BEGIN DATA SUPPLIED

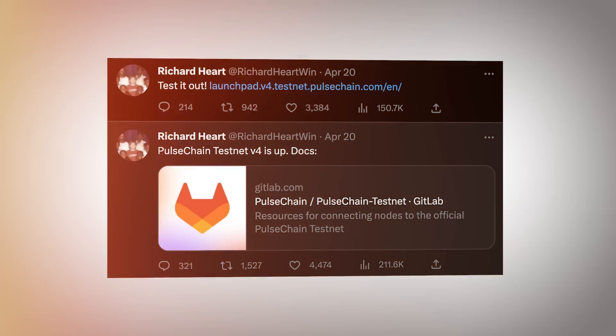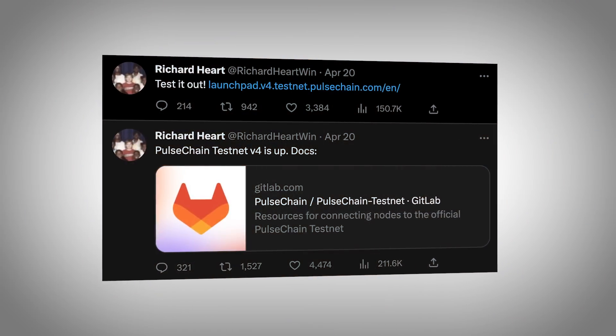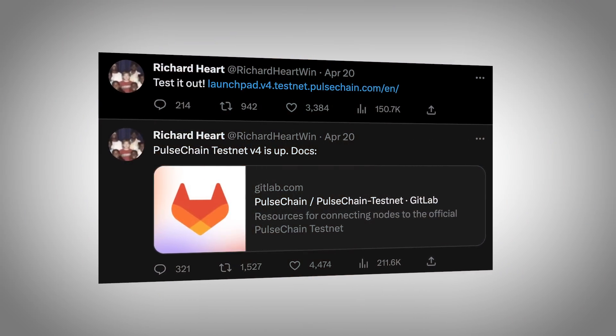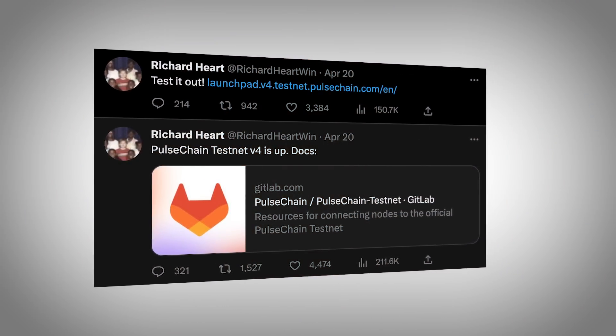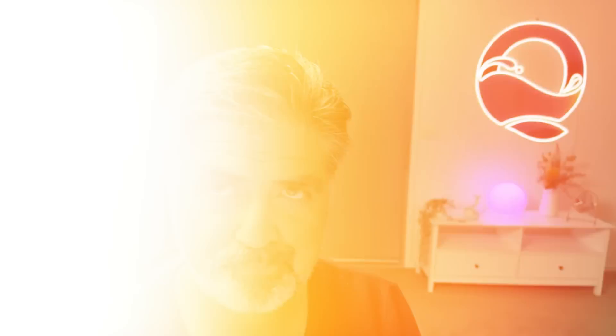Hey guys, it's Cece here. Just wanted to give you guys a very quick update on how things are progressing for us now that V4 has launched.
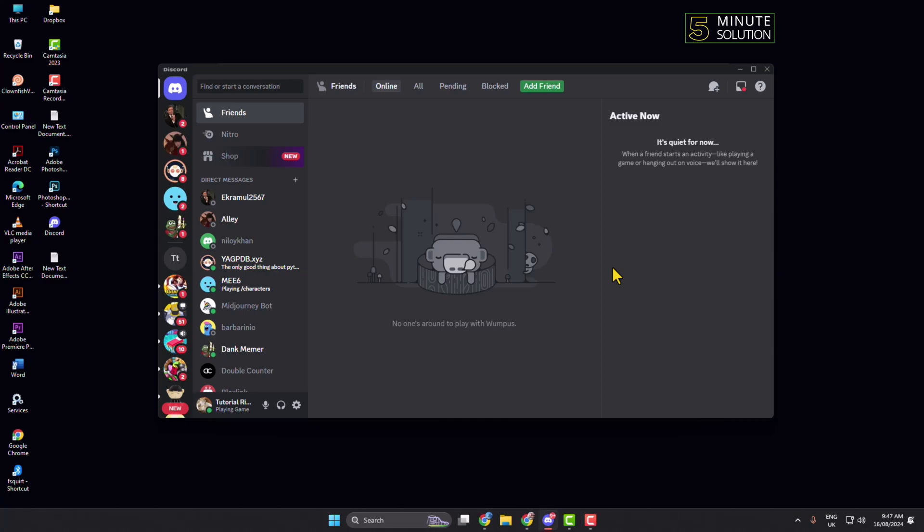So you are playing a game on your computer and now you want to stream the game on your Discord. Here's the steps to do it. First of all, open your Discord and now we have to disable our Discord hardware acceleration.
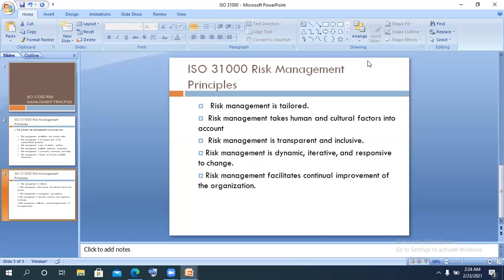The last principle: risk management facilitates continual improvement of the organization. Still talking about the capability maturity model — the final level is optimization. The risk management system matures to a level where it is continually improved, getting better and better. As the risk management system improves, the organization should also improve. There must be alignment between the risk management system and the business, so that improvement in risk management processes translates into improvement in business processes and the achievement of organizational goals.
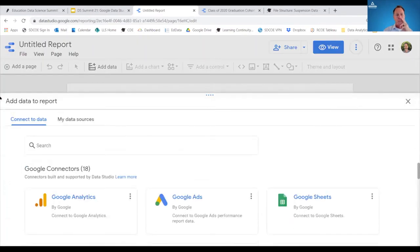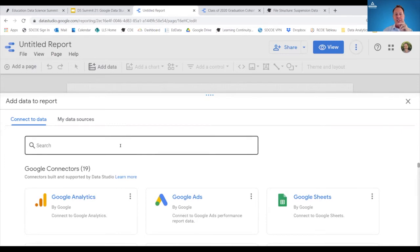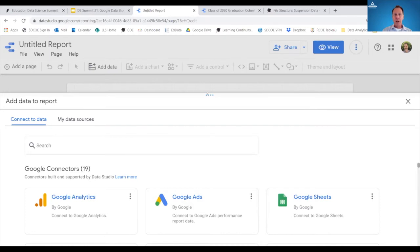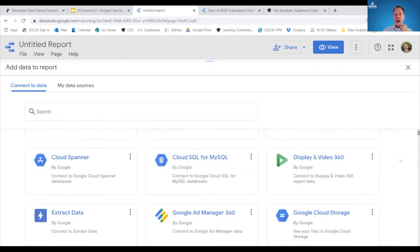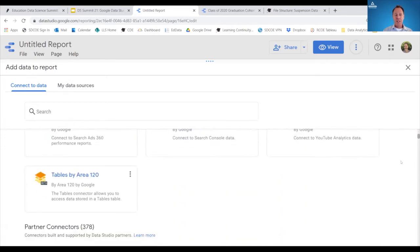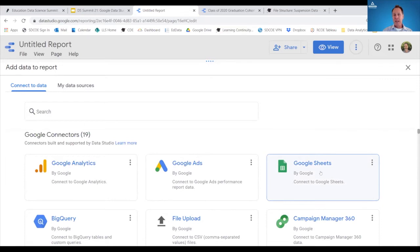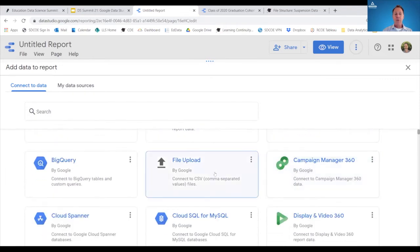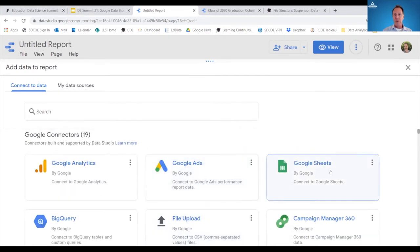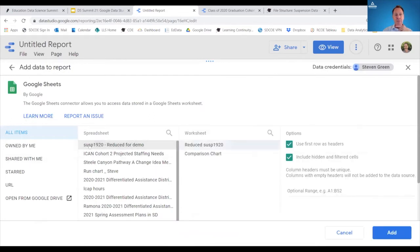The first thing that happens when you come into your workspace is it asks for your data source. There are many options for different types of data sets that could be imported. For today's purpose, I'm going to a Google Sheet because the data I've prepared is already there. You can also upload an Excel workbook in CSV format or any other research files in CSV format — saved to your local server or hard drive and uploaded directly. In this demo the data is the San Diego suspension data.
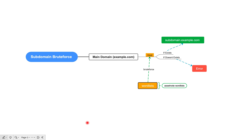On the left of the flowchart we are going to do subdomain brute force on a specific main domain. We have taken the example of example.com as our target, on which we are going to do subdomain brute force through active enumeration and identify valid and resolvable subdomains.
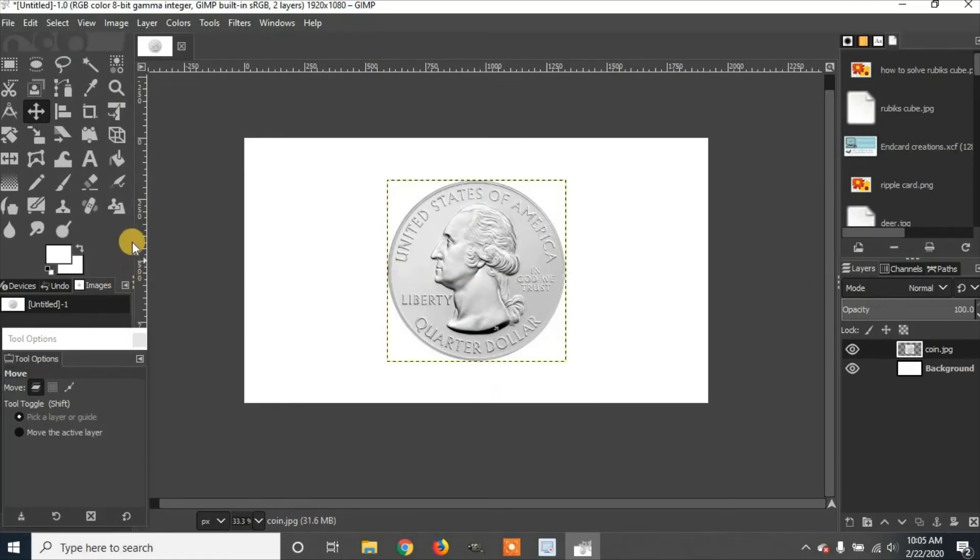That is how to enable Guides and Snap to Guides using GIMP 2.10.10. Please like and subscribe. Thanks for watching.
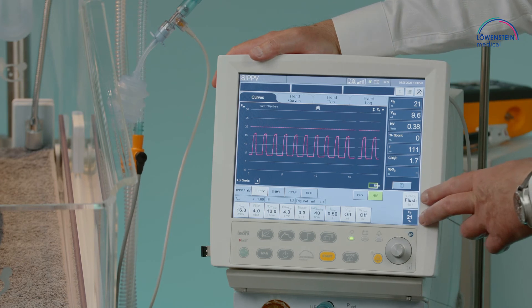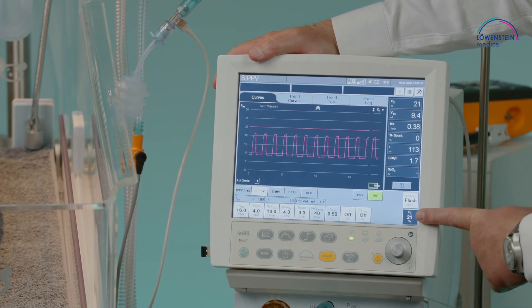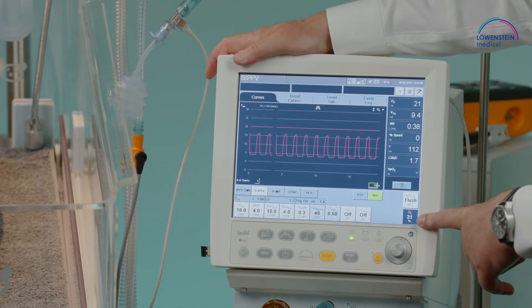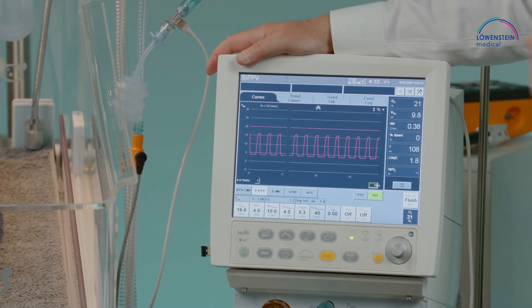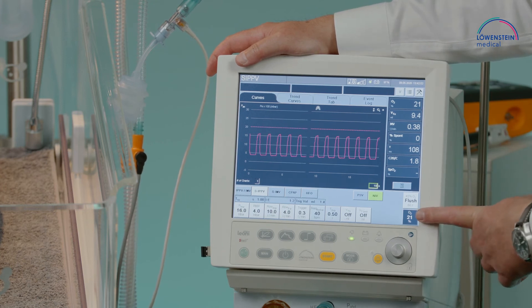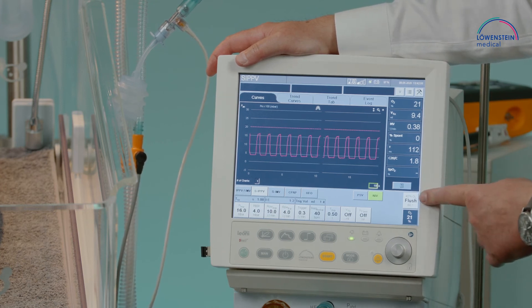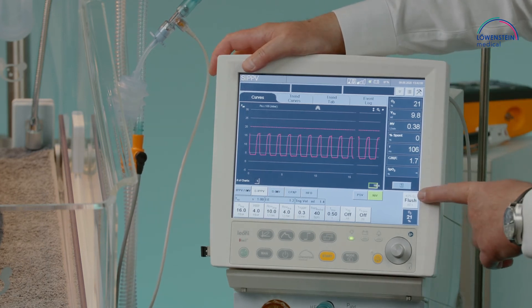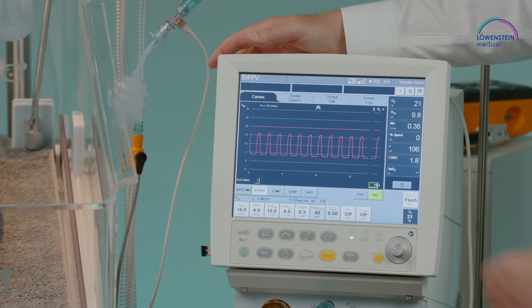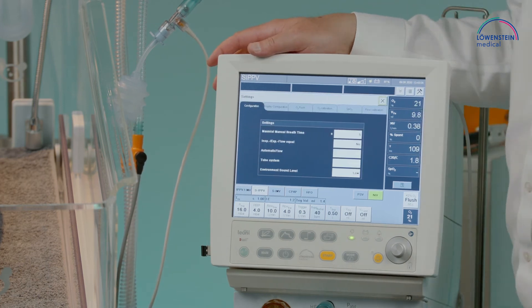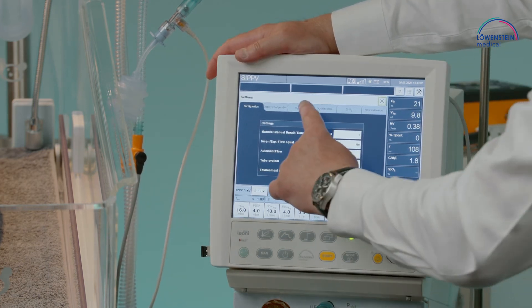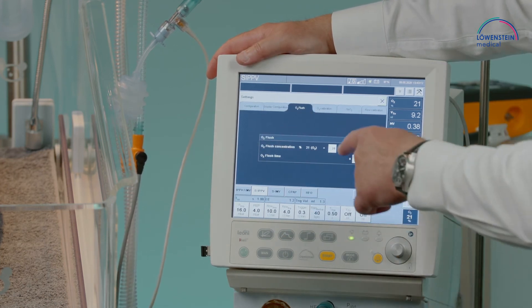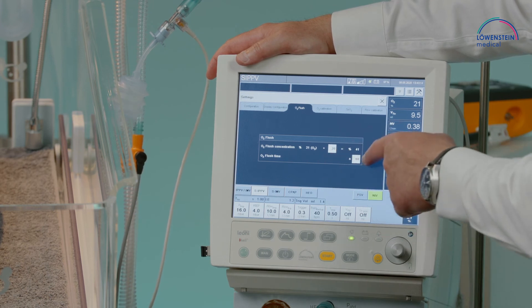The FiO2 adjustment is available as a high-priority control with a distinct color to indicate it is a very important setting. The flush function is also present, giving the opportunity to release a flush to the patient. The flush adjustment also allows us to set the Delta FiO2 as well as the flush time.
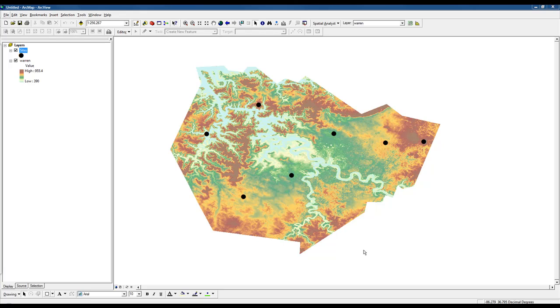In this example, we're going to use a digital elevation model and extract the cell values, which are elevations, to a points shapefile.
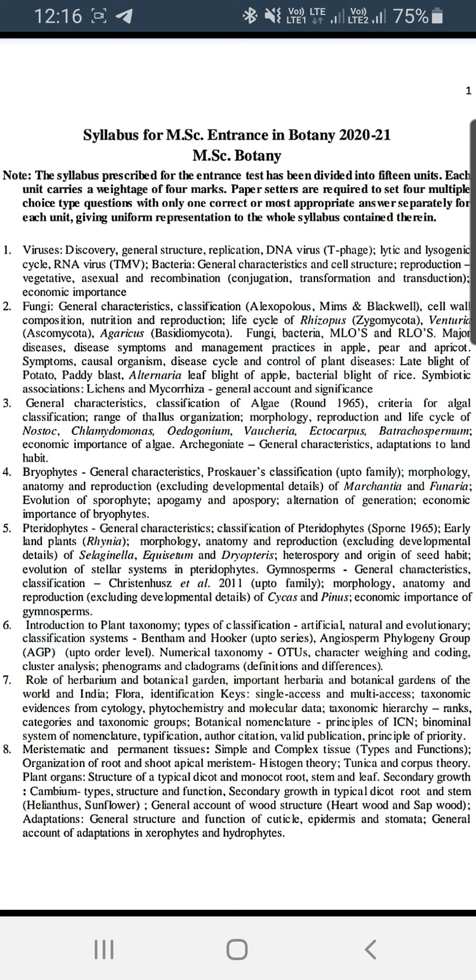I am also sharing Botany's syllabus. Botany's syllabus is based on the entrance and it is based on 58 units.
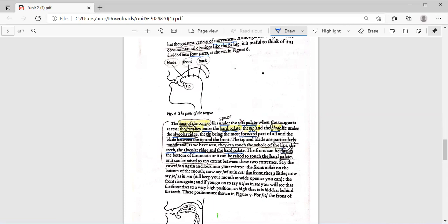The front of the tongue can be flat on the bottom of the mouth, or it can be raised to touch the hard palate. It can be raised to any extent between these two extremes.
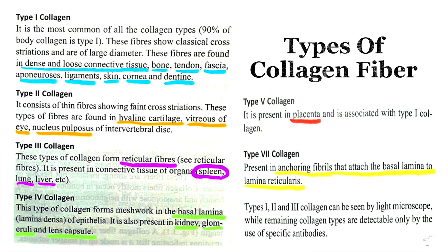The connective tissue fibers are collagen fibers, elastic fibers, and reticular fibers. Some books write them separately, but reticular fibers are actually a type of collagen. Let me broadly tell you the main characteristics of collagen fibers, comparing them with those of the elastic fibers.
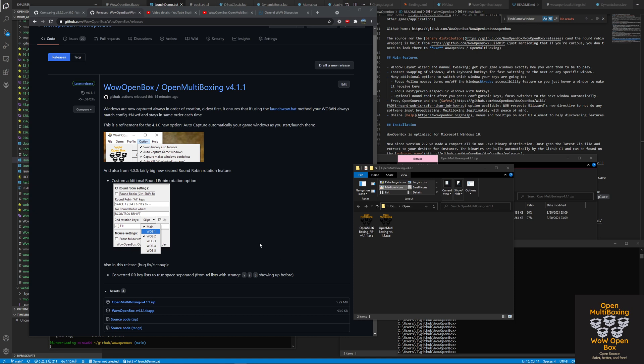Hello everyone. I wanted to give you an update on a cool little new feature that's in WoW OpenBox or OpenMultiBoxing 4.1. I just released this and I wanted to show you how fast the capture of your game windows is now.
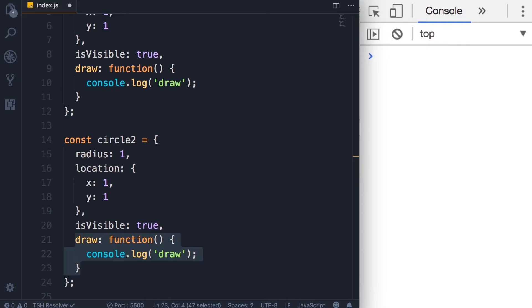We wouldn't want to repeat all these lines here because if you have a bug in this method, then we would have to fix it in multiple places. Also take into account that our circle object currently has only a single method. What if we had ten other methods? We don't want to duplicate or repeat all that logic.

END DATA SUPPLIED

GOAL OF THE EXERCISE: Within the data above, repeat exactly the lines from the one bearing "The first thing" through the one bearing "The front of". Include no pictures and nothing else.

THE ANSWER:
The first thing that happens when you come into your workspace is it asks for your data source. There are many options for different types of data sets that could be imported. For today's purpose, I'm going to a Google Sheet because the data I've prepared is already there. You can also upload an Excel workbook in CSV format or any other research files in CSV format — saved to your local server or hard drive and uploaded directly. In this demo the data is the San Diego suspension data.
On the left of the flowchart we are going to do subdomain brute force on a specific main domain. We have taken the example of example.com as our target, on which we are going to do subdomain brute force through active enumeration and identify valid and resolvable subdomains.
That is how to enable Guides and Snap to Guides using GIMP 2.10.10. Please like and subscribe. Thanks for watching.
The FiO2 adjustment is available as a high-priority control with a distinct color to indicate it is a very important setting. The flush function is also present, giving the opportunity to release a flush to the patient. The flush adjustment also allows us to set the Delta FiO2 as well as the flush time.
In this example, we're going to use a digital elevation model and extract the cell values, which are elevations, to a points shapefile.
I am also sharing Botany's syllabus. Botany's syllabus is based on the entrance and it is based on 58 units.
The front of the tongue can be flat on the bottom of the mouth, or it can be raised to touch the hard palate. It can be raised to any extent between these two extremes.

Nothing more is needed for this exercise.